- PROBLEM TO SOLVE
Using the listing below, copy exactly the lines from the one containing "Thaler, old newspaper and a sword" to the one containing "Boats in the", both lines included, and no others.
*** Opening of DATA SHOWN ***
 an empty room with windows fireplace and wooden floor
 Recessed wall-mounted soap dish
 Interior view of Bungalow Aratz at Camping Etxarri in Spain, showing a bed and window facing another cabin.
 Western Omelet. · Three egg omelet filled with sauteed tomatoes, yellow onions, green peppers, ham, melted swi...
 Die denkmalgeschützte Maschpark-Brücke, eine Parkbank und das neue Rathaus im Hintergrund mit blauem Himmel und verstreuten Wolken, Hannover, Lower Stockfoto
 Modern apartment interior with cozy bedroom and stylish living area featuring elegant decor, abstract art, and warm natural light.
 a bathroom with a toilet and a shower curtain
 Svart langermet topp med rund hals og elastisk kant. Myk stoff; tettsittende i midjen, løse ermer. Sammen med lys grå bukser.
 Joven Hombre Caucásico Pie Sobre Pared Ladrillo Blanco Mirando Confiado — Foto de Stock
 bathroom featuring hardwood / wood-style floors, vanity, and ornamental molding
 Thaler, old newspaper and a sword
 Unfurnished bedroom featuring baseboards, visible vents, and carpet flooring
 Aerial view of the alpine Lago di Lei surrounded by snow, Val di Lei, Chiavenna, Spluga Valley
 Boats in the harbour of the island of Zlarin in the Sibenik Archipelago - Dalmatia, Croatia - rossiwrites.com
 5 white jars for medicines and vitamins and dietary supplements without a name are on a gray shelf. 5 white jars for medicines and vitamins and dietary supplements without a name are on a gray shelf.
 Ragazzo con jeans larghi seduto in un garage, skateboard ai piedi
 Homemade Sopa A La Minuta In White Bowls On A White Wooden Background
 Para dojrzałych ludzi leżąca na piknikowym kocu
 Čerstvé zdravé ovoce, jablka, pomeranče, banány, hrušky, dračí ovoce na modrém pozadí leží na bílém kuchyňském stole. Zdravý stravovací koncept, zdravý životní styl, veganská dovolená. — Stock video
*** Close of DATA SHOWN ***
- WRITTEN REPLY
 Thaler, old newspaper and a sword
 Unfurnished bedroom featuring baseboards, visible vents, and carpet flooring
 Aerial view of the alpine Lago di Lei surrounded by snow, Val di Lei, Chiavenna, Spluga Valley
 Boats in the harbour of the island of Zlarin in the Sibenik Archipelago - Dalmatia, Croatia - rossiwrites.com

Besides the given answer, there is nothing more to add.